Thursday, October 23, 2008
Emeritus Professor David Slawson (pictured) of USC's Gould School of Law, provides this link from the Seattle Times, as well as the following summary:
A firm based in New York State sells credit-card machine leases to merchants, using supposedly independent contractors in various states to actually make the sales. The salespersons the contractors employ tell the merchants that the leases will cost them only $20 a month but if they don't prove profitable, the merchants can transfer their leases to someone else and be free of the rental obligation. However, the fine print makes the leases nontransferable and noncancelable without a big cancelation fee and also much more expensive than $20 a month.
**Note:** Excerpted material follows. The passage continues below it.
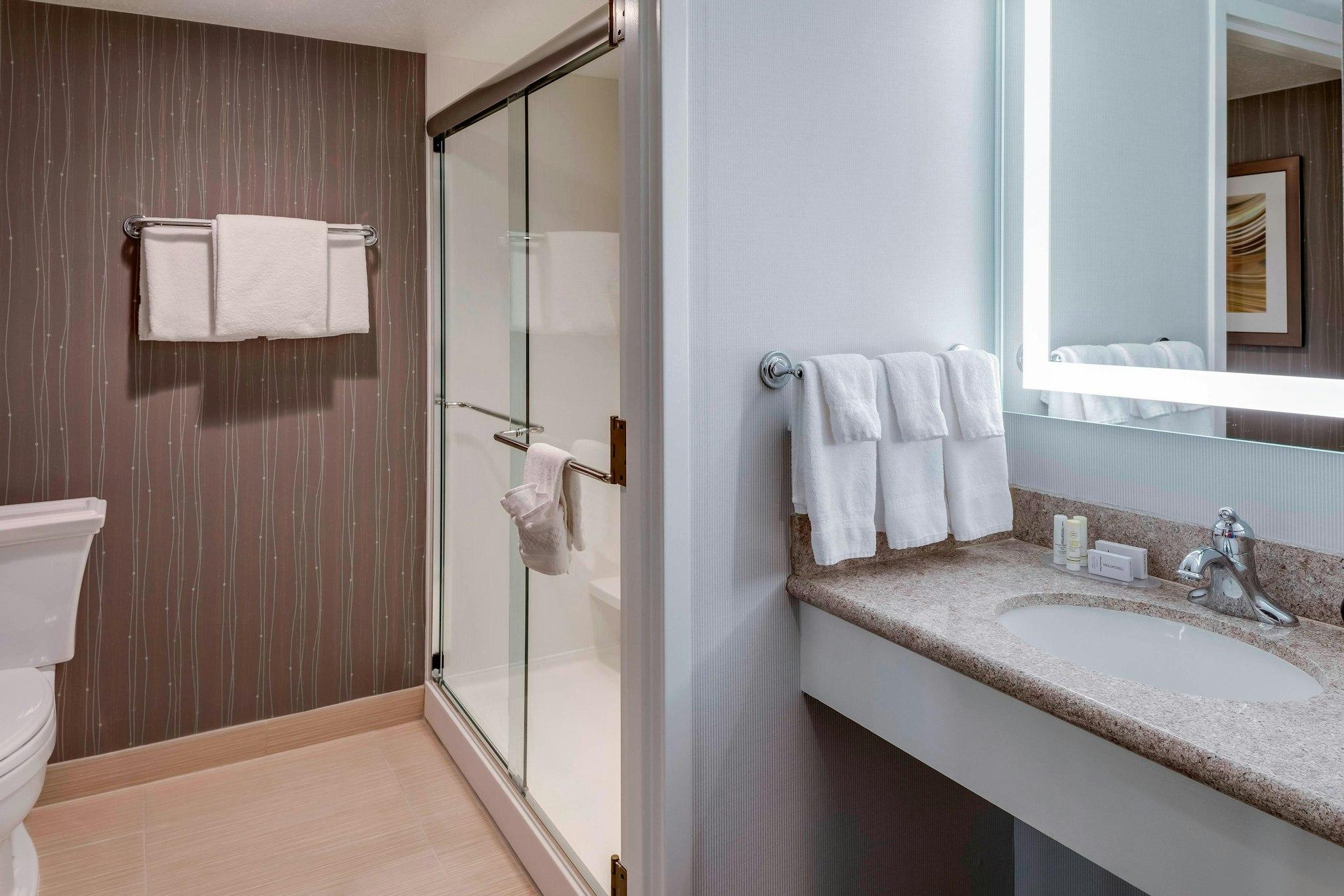 Courtyard by Marriott Portsmouth 写真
In total, it costs a merchant $12,000 to $15,000 to get out of the lease or to continue using it for its full term. The fine print also apparently makes New York law control, and if a merchant stops paying, the New York firm brings suit against them in New York, making it very difficult and expensive for them to defend. The suit itself, if not settled, can ruin a merchant's credit rating.
Professor Slawson appends the following questions for any who might care to offer advice:
1. Aren't the local contractors still the New York firm's agents, despite being independent contractors, because an agent is someone who has the power to make contracts for the principal, *by definition?*
2. Would any of the limits on choice of law for contracts allow a Washington court to apply Washington law despite the contract?
3. Since it would not be enough merely to declare these contracts unenforceable, because the New York firm could continue to ruin a merchant's credit rating anyway, simply by bringing suit (and possibly alleging some
new fact that distinguished the Washington court's decision), what basis might there be for bringing a fraud action against the Washington contractor and/or the New York firm?
Comments will be greatly appreciated.